Questionado novamente no último mês quanto à publicação dos dados, o governo não respondeu. Não deu conta de que efeitos práticos está a ter a lei ou se os trabalhadores já estão a ser informados das diferenças de salários entre homens e mulheres para que possam pedir pareceres à Comissão para Igualdade no Trabalho e no Emprego (CITE) sobre eventuais práticas discriminatórias. Não se sabe sequer se a CITE já recebeu algum pedido de parecer ao abrigo da lei. O ministério não responde.

Em fevereiro de 2019, quando a lei entrou efetivamente em vigor, o governo assinalava "mais e melhor informação, quer para a opinião pública quer para trabalhadores/as quer para as próprias empresas". Em concreto, "informação estatística sobre as diferenças remuneratórias entre mulheres e homens a nível setorial (...) e por empresa (balanços empresariais das diferenças remuneratórias)".

A Associação Portuguesa de Mulheres Juristas (APMJ), uma das organizações consultadas pelos deputados aquando da discussão da lei, "entende que as diferenças salariais entre homens e mulheres em cada uma das grandes empresas nacionais deviam ser tornadas públicas" e lembra que a lei " impôs essa obrigação", como afirma Joana Costa, especialista em igualdade de género e membro da organização.

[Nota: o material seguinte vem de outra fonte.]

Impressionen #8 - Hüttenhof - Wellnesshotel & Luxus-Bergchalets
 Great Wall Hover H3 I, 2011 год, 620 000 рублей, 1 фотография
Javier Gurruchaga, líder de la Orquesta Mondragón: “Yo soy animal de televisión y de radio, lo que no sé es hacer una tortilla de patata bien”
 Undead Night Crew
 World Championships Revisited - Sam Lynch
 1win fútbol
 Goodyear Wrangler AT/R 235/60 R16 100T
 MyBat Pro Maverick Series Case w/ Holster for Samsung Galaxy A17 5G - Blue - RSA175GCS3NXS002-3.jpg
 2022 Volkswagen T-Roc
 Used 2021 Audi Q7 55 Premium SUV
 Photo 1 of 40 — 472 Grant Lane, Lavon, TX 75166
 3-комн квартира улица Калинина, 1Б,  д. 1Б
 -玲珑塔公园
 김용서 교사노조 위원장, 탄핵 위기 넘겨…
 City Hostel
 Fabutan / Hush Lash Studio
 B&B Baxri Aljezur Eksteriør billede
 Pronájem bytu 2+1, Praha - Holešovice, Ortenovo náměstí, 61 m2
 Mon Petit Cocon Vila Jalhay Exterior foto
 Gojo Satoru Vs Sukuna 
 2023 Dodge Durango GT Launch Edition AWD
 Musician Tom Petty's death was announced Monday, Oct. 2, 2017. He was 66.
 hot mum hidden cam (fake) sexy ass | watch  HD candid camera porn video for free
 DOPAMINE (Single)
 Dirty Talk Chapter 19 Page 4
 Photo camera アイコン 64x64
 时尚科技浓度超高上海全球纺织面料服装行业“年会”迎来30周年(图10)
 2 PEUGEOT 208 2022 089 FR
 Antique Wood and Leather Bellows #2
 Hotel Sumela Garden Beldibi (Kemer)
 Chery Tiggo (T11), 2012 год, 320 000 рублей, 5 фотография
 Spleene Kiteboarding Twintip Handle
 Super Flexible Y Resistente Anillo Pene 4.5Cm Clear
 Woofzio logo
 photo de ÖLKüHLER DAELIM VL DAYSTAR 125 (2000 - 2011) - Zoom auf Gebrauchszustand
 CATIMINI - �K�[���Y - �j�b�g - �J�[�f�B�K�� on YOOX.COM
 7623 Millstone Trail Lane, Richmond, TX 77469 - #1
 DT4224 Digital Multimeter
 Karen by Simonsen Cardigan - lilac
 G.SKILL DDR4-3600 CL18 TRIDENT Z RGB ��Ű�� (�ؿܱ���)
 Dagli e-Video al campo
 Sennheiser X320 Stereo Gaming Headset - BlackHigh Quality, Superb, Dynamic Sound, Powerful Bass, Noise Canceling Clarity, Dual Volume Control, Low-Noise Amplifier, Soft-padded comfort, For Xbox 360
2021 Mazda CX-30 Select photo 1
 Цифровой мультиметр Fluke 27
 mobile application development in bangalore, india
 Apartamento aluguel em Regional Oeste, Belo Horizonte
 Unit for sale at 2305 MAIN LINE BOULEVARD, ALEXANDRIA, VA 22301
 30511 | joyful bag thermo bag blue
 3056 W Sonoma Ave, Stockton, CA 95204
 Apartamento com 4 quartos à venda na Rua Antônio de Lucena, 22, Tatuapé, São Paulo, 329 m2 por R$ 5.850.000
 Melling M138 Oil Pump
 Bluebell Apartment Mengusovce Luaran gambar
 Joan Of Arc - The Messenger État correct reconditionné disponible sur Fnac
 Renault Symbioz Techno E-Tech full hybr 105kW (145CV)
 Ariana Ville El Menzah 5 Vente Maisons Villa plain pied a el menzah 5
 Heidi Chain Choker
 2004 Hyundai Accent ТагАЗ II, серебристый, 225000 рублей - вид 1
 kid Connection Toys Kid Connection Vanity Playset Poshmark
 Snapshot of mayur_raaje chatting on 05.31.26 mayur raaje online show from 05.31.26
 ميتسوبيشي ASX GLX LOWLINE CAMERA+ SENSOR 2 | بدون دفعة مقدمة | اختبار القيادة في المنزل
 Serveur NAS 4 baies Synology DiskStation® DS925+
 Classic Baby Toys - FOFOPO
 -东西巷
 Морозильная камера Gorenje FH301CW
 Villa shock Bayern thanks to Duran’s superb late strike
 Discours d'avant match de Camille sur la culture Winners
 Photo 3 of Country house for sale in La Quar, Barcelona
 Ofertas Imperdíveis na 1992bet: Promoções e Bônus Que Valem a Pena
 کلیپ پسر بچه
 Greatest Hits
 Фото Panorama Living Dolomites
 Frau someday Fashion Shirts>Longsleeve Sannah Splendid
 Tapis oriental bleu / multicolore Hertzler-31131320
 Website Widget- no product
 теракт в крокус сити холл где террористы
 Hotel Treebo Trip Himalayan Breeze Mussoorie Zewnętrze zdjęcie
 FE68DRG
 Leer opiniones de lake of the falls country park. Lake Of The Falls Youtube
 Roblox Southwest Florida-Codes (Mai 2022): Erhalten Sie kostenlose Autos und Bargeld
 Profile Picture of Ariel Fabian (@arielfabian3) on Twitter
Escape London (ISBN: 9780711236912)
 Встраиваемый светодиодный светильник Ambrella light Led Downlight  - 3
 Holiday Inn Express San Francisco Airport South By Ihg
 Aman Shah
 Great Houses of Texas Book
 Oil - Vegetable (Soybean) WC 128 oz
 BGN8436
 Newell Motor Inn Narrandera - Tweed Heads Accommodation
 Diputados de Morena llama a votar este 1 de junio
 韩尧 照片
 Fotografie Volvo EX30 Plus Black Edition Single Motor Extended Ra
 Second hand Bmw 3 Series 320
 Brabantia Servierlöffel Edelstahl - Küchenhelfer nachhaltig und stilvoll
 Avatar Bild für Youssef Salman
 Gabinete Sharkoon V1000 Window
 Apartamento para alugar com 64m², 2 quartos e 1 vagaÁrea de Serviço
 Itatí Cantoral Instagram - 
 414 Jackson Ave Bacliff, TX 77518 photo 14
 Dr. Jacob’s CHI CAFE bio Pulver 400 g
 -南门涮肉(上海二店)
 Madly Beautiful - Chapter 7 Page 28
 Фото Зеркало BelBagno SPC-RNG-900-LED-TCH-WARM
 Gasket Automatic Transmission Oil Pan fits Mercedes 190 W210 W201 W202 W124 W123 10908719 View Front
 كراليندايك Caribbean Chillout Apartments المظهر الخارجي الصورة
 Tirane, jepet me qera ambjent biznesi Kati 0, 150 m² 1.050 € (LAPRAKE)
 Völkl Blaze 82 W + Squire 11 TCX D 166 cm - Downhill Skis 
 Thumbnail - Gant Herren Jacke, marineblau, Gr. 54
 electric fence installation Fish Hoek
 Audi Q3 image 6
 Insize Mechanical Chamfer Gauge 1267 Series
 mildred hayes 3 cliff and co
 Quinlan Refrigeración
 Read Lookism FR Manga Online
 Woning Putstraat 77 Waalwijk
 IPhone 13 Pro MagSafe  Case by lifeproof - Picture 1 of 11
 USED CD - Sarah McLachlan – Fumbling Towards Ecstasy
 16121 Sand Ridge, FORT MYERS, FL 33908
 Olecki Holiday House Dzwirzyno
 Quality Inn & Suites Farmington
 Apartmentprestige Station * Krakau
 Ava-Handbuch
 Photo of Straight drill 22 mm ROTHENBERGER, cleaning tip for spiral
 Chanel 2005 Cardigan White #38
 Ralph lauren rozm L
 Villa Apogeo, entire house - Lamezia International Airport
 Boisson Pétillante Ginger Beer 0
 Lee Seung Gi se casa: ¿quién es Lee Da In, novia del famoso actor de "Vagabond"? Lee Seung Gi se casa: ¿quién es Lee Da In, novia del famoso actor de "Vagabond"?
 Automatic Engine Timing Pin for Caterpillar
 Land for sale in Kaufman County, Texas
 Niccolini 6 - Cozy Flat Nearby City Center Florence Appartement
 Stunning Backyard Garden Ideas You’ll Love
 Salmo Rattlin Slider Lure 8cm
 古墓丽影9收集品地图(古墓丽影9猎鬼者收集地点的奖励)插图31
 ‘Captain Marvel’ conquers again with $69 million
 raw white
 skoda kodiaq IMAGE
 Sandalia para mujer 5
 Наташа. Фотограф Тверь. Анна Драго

"É preciso cautelas? É. É preciso que a informação estatística seja cuidada? É", responde. Mas assegura que nunca se levantou a questão de os dados não poderem ser publicados. Sem a publicação, o governo "não frustra totalmente [a lei], desde que o resto do normativo seja cumprido, mas põe em causa a transparência".

De resto, lembra, ainda no verão de 2020, o Comité de Direitos Sociais do Conselho da Europa apontou o dedo a Portugal. "Considera que temos legislação adequada para pôr fim à disparidade salarial entre homens e mulheres, mas que pouco ou nada se tem feito para pôr em prática essas mesmas leis."